El mensaje más profundo es el fin de cierta inocencia en el debate energético. La transición no ha terminado, pero ya no se imagina como un proceso suave y lineal, impulsado principalmente por la ambición política y la caída de costes de las tecnologías limpias ('cleantech'). Ahora se entiende como una transformación más compleja, desigual y geopolítica. El mundo no está simplemente eligiendo entre combustibles fósiles y renovables. Está tratando de ensamblar un sistema capaz de ofrecer suficiente energía, con rapidez, bajo condiciones de rivalidad, riesgos geopolíticos, competencia industrial y seguridad nacional. Al mismo tiempo, la IA y los 'hyperscalers' no solo están añadiendo presión por el lado de la demanda; también son cada vez más parte de la solución, al aportar capital, contratos de compra a largo plazo y nuevas herramientas para optimizar las redes, mejorar la eficiencia y acelerar la innovación en todo el sistema energético.

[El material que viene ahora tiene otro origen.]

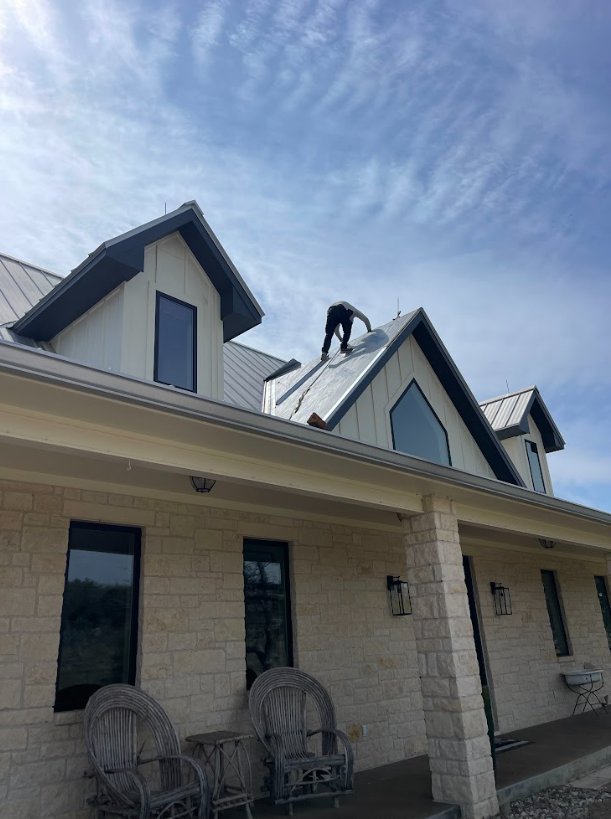 Custom standing seam metal roof and seamless aluminum gutters with round downpipes for rainwater collection, installed by Reinewater Solutions in Burnet Co.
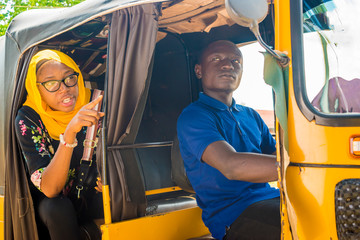 african man driving a auto rickshaw taxi being annoyed by a female passenger who's talking to him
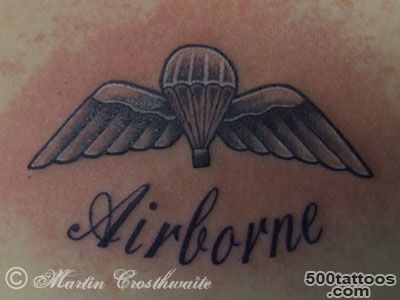 Subtle airborne tattoo in blackwork style on the inner arm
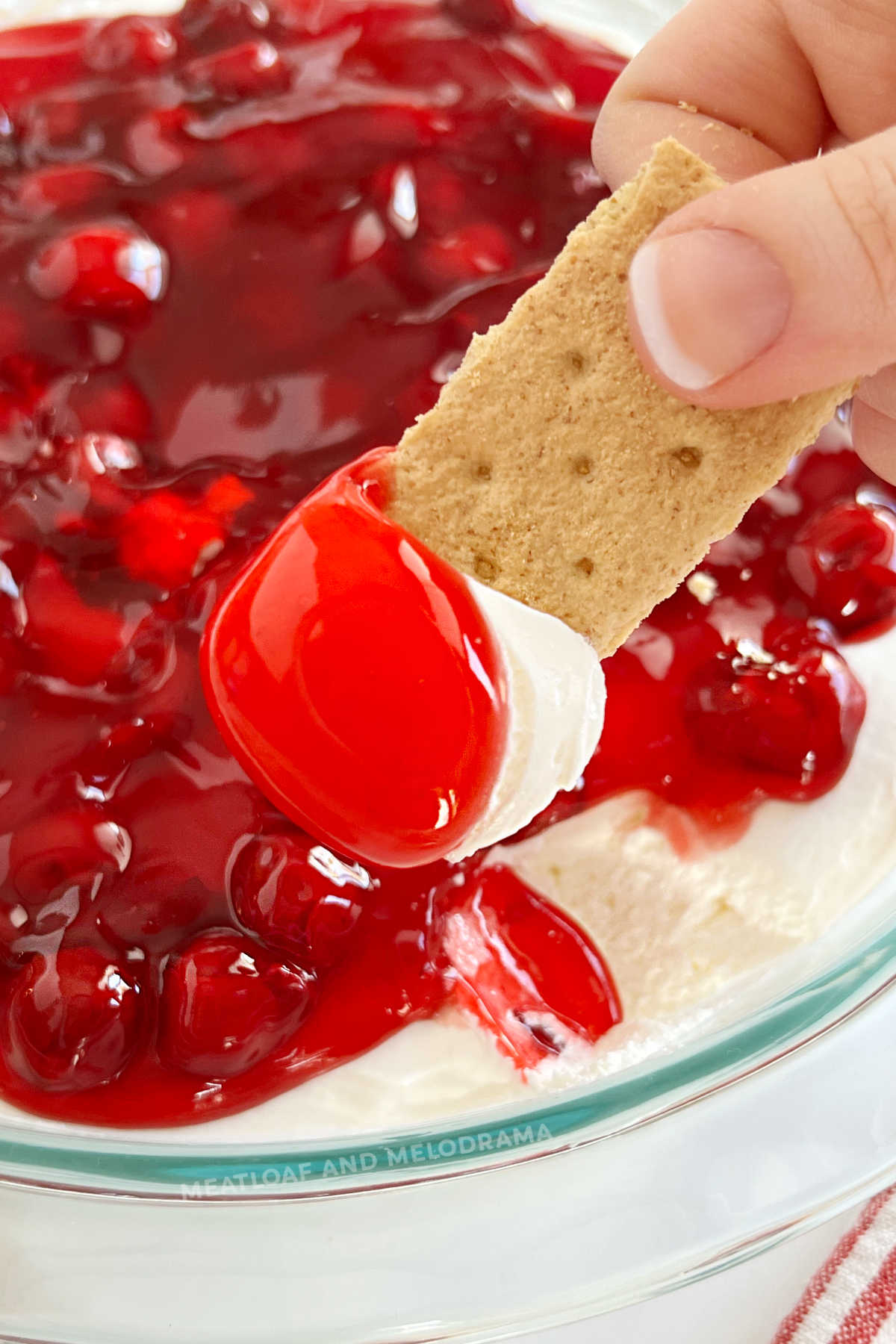 cherry cheesecake dip with cherry pie filling on a graham cracker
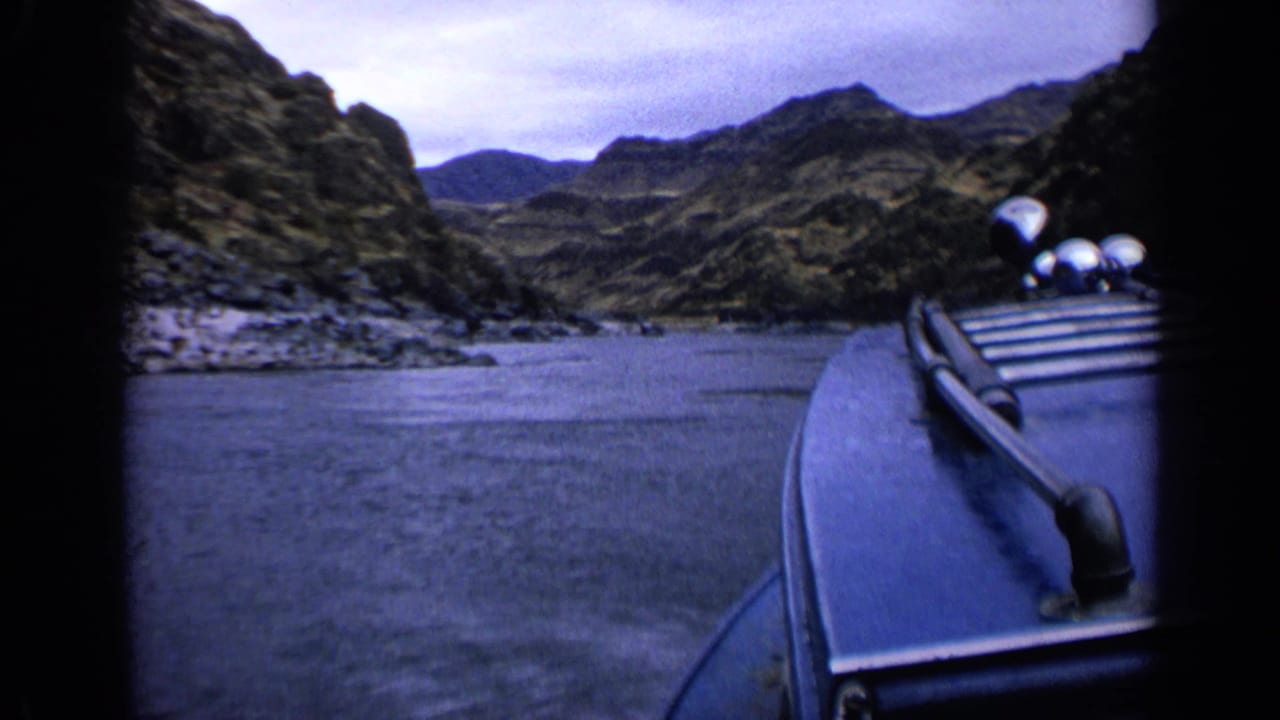1963 Idaho 8mm frame with the boat edge at right as the river runs through a rugged canyon.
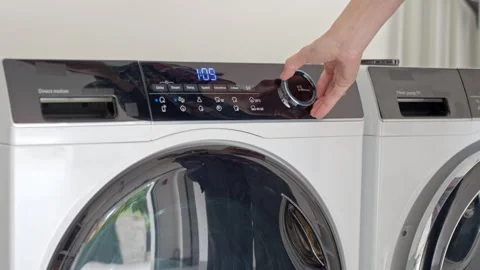 Woman using control panel to select wash cycle and settings on washing machine Stock Footage 344820241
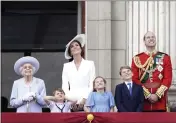  ?? AARON CHOWN — POOL PHOTO ?? Queen Elizabeth II, Kate, duchess of Cambridge, Prince Louis, Princess Charlotte, Prince George, and Prince William watch from the balcony of Buckingham Place in London after the Trooping the Color ceremony on Thursday.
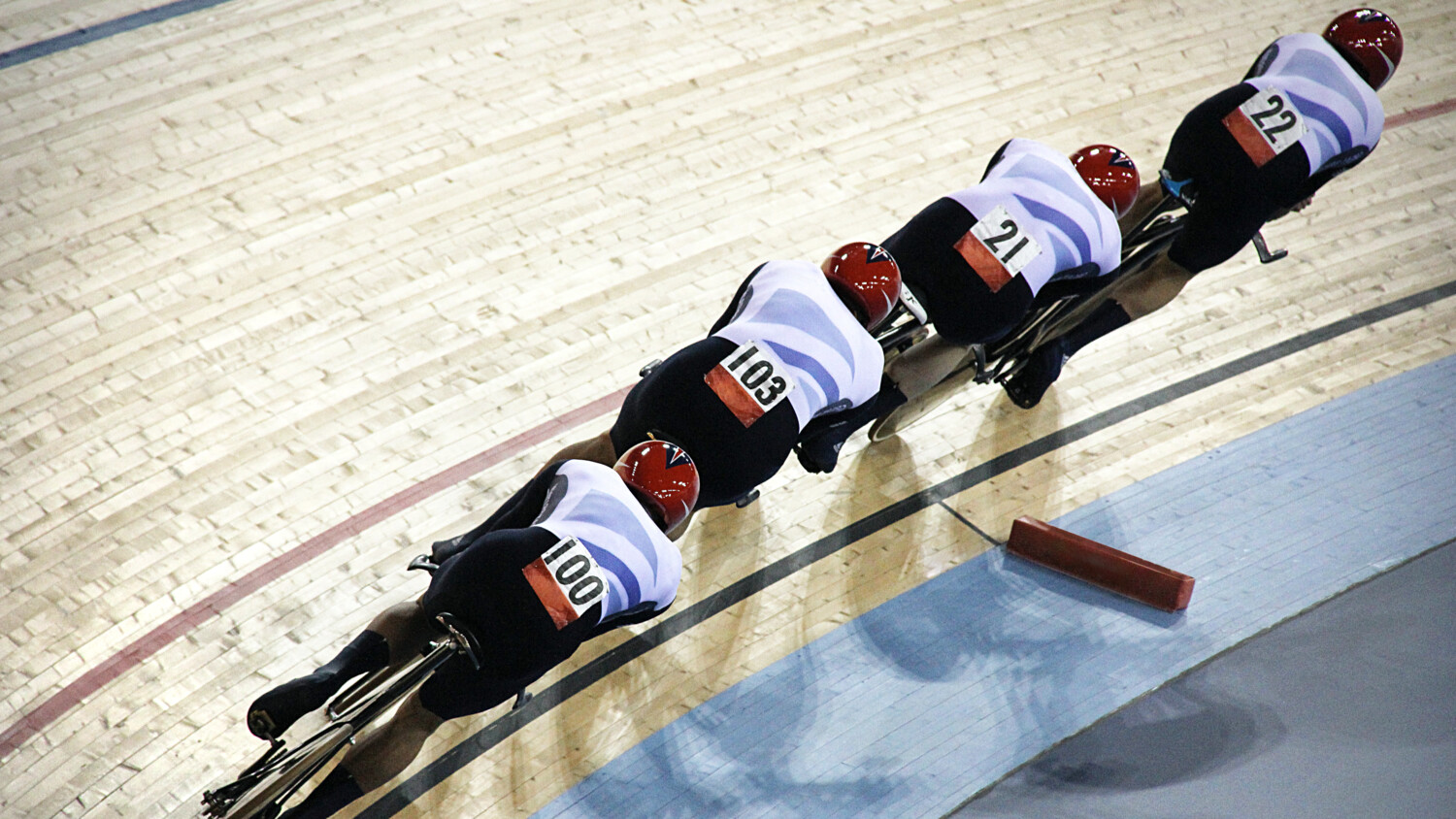 Cyclists in an indoor velodrome competition.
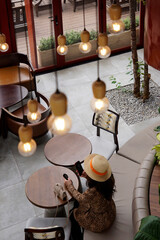Woman sitting in a coffee shop and taking selfie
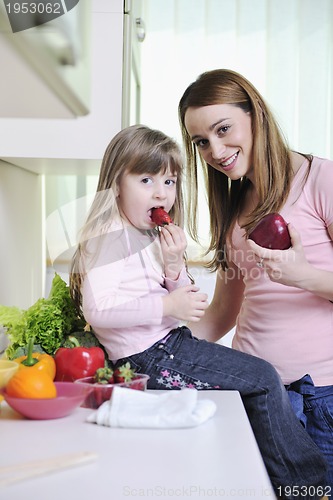 Image of happy daughter and mom in kitchen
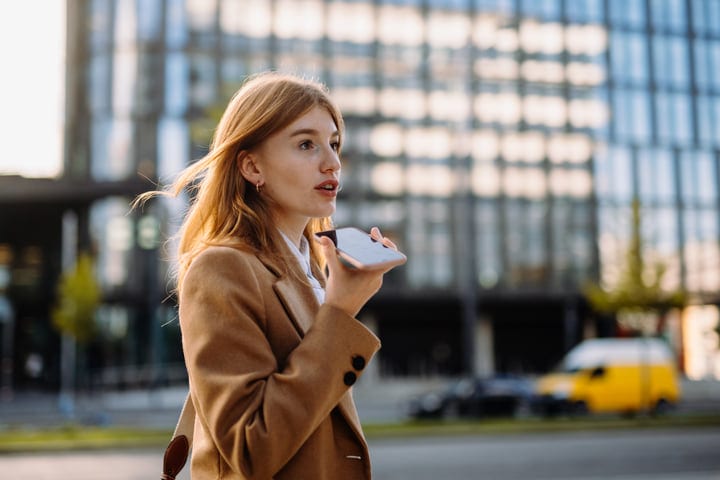 Confident Businesswoman Dictates Notes In Vienna's Bustling Streets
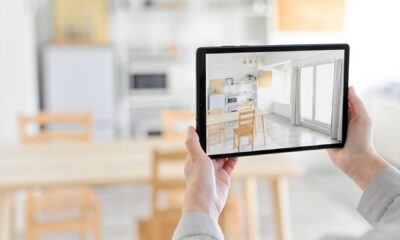 Osoba drži tablet s prikazom svijetle blagovaonice i kuhinje u aplikaciji za uređenje interijera.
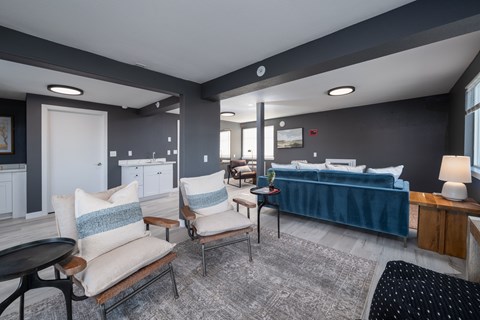 A living room with a blue couch and a grey rug.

"La energía ha vuelto al centro de la estrategia económica, de la competencia tecnológica y de la seguridad nacional"
Por momentos, Houston se pareció menos a una conferencia energética y más a una sobre poder y gobierno. La energía ha vuelto al centro de la estrategia económica, de la competencia tecnológica y de la seguridad nacional. Los ganadores en esta nueva era no serán necesariamente quienes tengan la retórica más ambiciosa, sino quienes sean capaces de combinar resiliencia, asequibilidad y ejecución. CERAWeek 2026 no enterró la transición energética. Pero sí finiquitó la ilusión de que la transición podía producirse sin concesiones, sin geopolítica y sin una conversación mucho más incómoda sobre cómo va a abastecerse realmente de energía el mundo en las próximas décadas. En este escenario, la seguridad energética contraataca y vuelve a ocupar el centro del sistema.